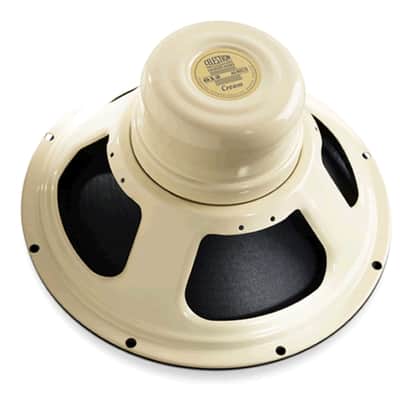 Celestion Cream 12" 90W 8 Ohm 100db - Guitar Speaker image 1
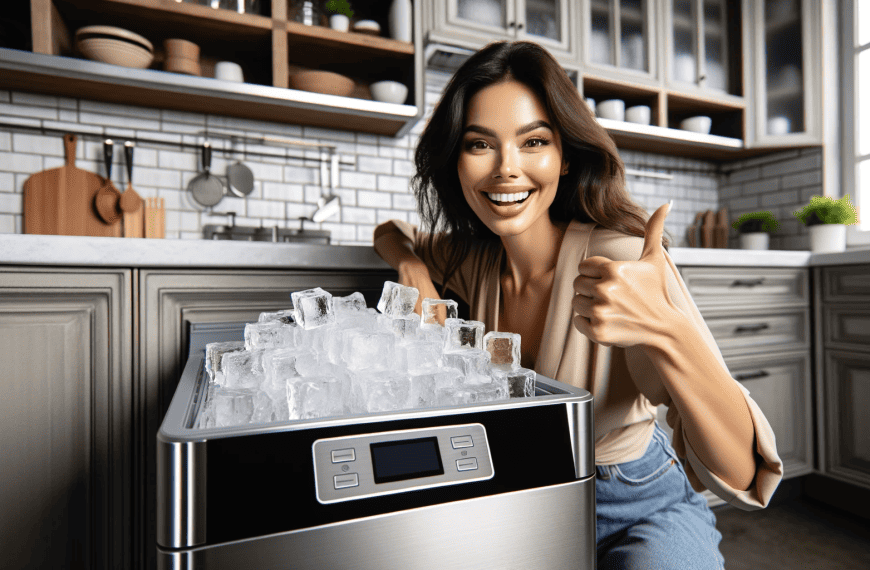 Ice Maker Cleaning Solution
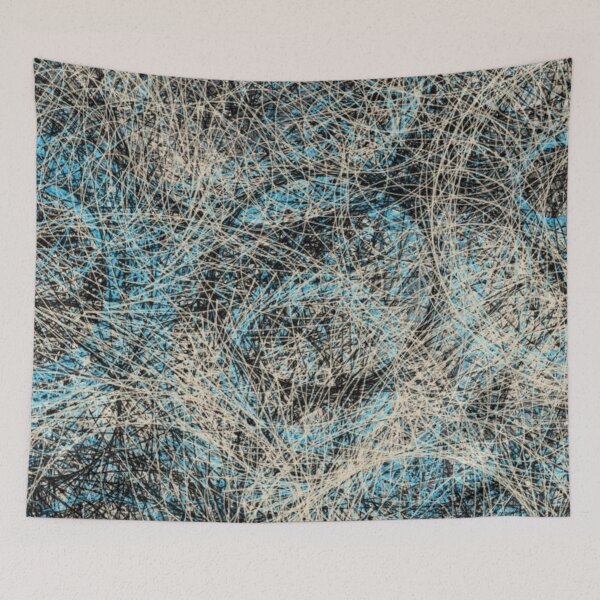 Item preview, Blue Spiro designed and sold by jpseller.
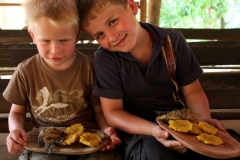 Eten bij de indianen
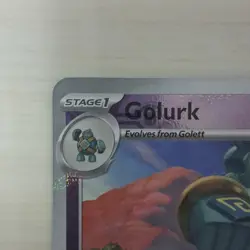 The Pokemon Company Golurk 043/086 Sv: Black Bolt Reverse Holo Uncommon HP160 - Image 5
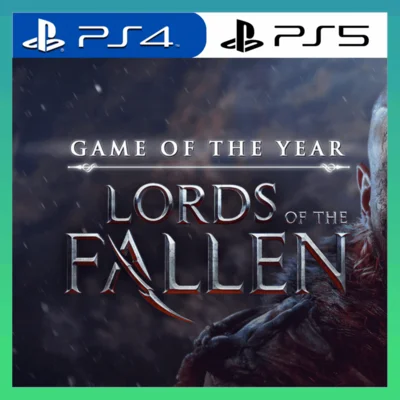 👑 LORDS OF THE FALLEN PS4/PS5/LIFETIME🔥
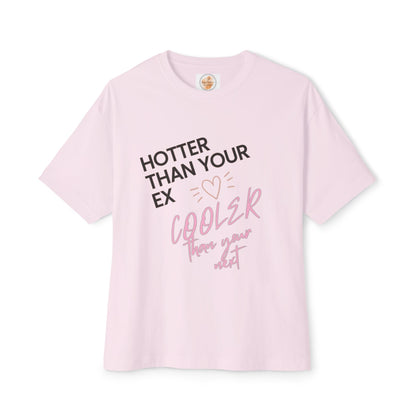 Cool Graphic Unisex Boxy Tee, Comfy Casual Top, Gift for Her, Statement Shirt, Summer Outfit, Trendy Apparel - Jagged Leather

##########

| The task |
From the line with "Eten bij de indianen" down to the last line of the records above, restate each line verbatim, passing over any picture.

| Task solution |
 Eten bij de indianen
 The Pokemon Company Golurk 043/086 Sv: Black Bolt Reverse Holo Uncommon HP160 - Image 5
 👑 LORDS OF THE FALLEN PS4/PS5/LIFETIME🔥
 Cool Graphic Unisex Boxy Tee, Comfy Casual Top, Gift for Her, Statement Shirt, Summer Outfit, Trendy Apparel - Jagged Leather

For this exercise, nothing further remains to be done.